TASK GOAL: Everything from the line containing "സര്‍ക്കാരിന് ടി.പി. ചന്ദ്രശേഖര്‍" to the end of the listing, both included, should be returned exactly, apart from the pictures.

RECORDS FOR THE EXERCISE:
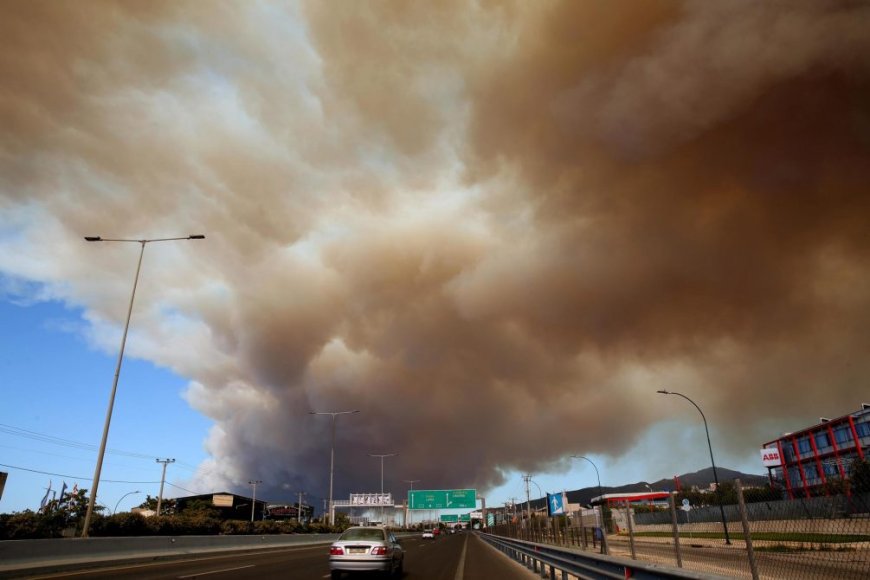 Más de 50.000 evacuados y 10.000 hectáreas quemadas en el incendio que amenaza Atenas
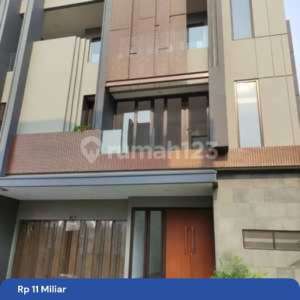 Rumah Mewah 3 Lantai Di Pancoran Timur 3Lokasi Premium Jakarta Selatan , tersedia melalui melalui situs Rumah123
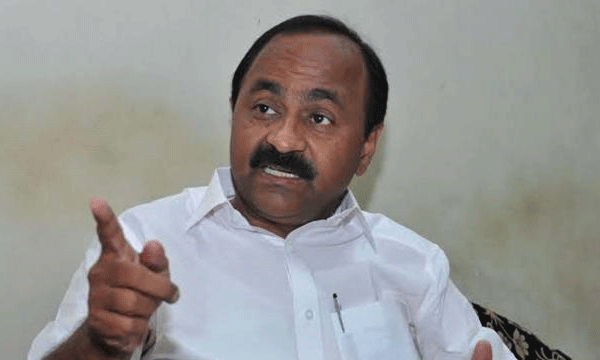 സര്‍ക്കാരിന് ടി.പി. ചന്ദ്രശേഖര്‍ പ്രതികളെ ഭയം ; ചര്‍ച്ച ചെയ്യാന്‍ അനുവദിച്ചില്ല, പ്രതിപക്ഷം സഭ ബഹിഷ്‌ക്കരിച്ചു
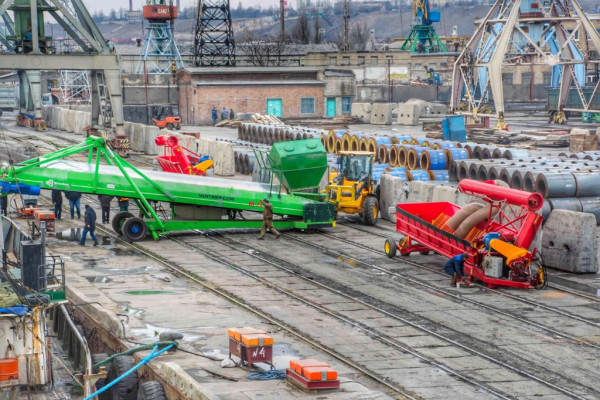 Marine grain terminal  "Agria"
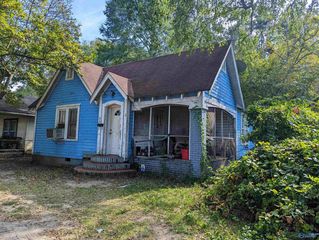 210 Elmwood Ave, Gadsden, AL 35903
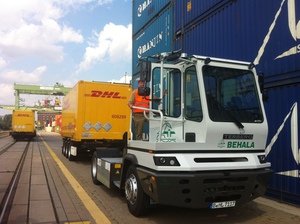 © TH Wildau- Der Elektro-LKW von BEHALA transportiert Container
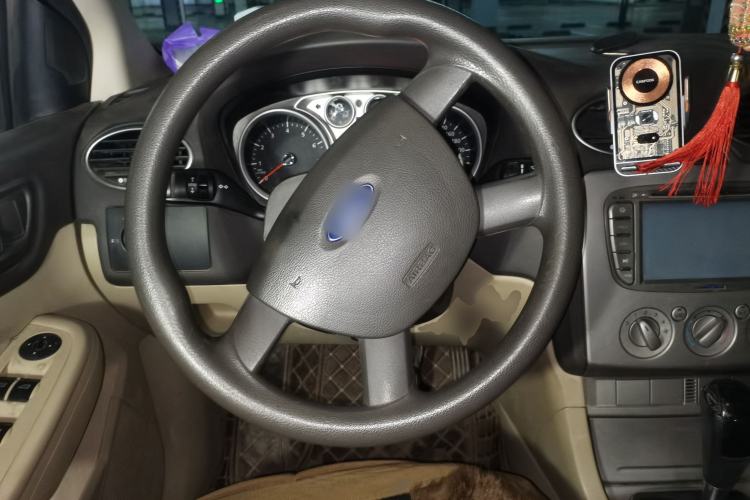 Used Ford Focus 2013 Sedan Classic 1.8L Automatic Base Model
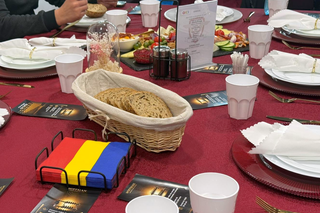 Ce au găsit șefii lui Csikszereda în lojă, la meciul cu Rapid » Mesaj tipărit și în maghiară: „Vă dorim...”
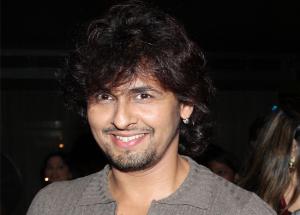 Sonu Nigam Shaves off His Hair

SOLUTION:
 സര്‍ക്കാരിന് ടി.പി. ചന്ദ്രശേഖര്‍ പ്രതികളെ ഭയം ; ചര്‍ച്ച ചെയ്യാന്‍ അനുവദിച്ചില്ല, പ്രതിപക്ഷം സഭ ബഹിഷ്‌ക്കരിച്ചു
 Marine grain terminal  "Agria"
 210 Elmwood Ave, Gadsden, AL 35903
 © TH Wildau- Der Elektro-LKW von BEHALA transportiert Container
 Used Ford Focus 2013 Sedan Classic 1.8L Automatic Base Model
 Ce au găsit șefii lui Csikszereda în lojă, la meciul cu Rapid » Mesaj tipărit și în maghiară: „Vă dorim...”
 Sonu Nigam Shaves off His Hair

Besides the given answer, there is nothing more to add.